Tuesday, March 15, 2011

A decade under the influence

You know sometimes mobile phones can get screwed up,so you plug out their batteries and put it back in , then they instataneously work out normally , the way it did before . I wish I can do that to my life , whenever something goes wrong , I can just plug out a virtual battery from my virtual plug , installed in my brain whenever shit happens and put it back in , where everything will work out just fine . Sad to say , such things do not exist in life .

Sometimes I wish I could wake up and not feel that awful , familiar ball of gut wrenching dread at the thought of another day . Another day of smiling , pleases and thank yous , do this do that , grin and bear it , 'I'm fine' , 'Get your head out of the clouds'. Another day of the same people and trivial problems and meaningless chatter , and everyone's talking and no one's listening , no one's looking and no one sees anything . Another day of day dreaming about the futures , another day of feeling helpless and stuck . 

I wish all of that would go away so I could just be free to travel , do what I want , think for myself , do something that scares me everyday . 

Saturday, March 12, 2011

You give me the voice to say it out loud



Its not easy, you know, having to carry all these burden on your own two shoulders. Having to keep every single information you listen to, digest and think and boggle your mind on them, to find that one precise solution only for the best of your people. Having to sacrifice every single minute, every free hour which belongs to you for other people's importance, for other people's benefits, but for your own satisfaction. 

Having to churn whatever people say, ignoring your feelings inside, leaving aside everything you seem to like. Having to understand people and accept the fact that people will never understand you- all they know is that you need to be perfect. Having to wake up every single morning, forgetting yesterday's bitterness and willing to accept any form of challenge He wants you to face, no matter how high the tide might be. 
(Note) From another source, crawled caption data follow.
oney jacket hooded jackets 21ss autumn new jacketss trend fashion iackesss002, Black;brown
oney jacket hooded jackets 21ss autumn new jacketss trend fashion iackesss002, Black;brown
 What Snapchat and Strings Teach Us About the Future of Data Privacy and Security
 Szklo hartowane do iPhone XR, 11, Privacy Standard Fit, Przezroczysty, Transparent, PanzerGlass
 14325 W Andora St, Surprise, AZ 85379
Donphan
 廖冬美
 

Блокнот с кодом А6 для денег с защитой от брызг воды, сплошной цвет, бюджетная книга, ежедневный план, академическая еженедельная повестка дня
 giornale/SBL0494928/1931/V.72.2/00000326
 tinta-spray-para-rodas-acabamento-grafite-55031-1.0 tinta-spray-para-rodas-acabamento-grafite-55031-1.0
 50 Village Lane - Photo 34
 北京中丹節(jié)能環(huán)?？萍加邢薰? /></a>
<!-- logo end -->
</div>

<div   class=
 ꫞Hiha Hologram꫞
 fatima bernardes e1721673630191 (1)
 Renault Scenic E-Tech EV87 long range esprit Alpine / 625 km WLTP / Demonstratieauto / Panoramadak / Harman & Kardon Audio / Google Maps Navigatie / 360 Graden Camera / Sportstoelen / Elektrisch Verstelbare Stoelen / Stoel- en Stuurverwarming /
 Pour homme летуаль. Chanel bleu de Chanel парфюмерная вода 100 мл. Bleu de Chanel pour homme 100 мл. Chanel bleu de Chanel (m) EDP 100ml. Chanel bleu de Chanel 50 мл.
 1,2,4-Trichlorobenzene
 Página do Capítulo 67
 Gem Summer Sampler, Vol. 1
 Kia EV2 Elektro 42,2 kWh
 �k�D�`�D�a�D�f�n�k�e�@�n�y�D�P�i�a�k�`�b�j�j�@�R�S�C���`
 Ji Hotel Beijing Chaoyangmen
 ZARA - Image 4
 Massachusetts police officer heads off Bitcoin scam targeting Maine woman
Having to cry in your heart and make sure no one listens because they say, 'Then, you'll lose your pride.'. Having to remind yourself that you're as strong as steel and as brave as a lion, that if anything happens to you, you know you have got the biggest faith in you and there is no chance you'll regret. Having to learn how to care less about yourself and give all the attention to the others because you know that they dearly need you. Having to consult and advise, looking all wise when you actually, dreadfully need the same thing, but they think you need none of it because they label you WISE. Having to look like the stupidest kid in class and admit that you are not a brainiac or a super genius to cope up with all this crap and lies. 

Having to walk your life with the heaviest, heartless heart being so sure that nobody is concerned about you to at least know that all you need is a lending help and pieces of comforting words to release some laughter and carve a smile on your crooked face. Having to alleviate the tense, fight for the right, free yourself from strangling conditions- between pressurizing people who only know how to find faults, they're blind to see every hardships that you've crawled.


I talk about this here, and no where else.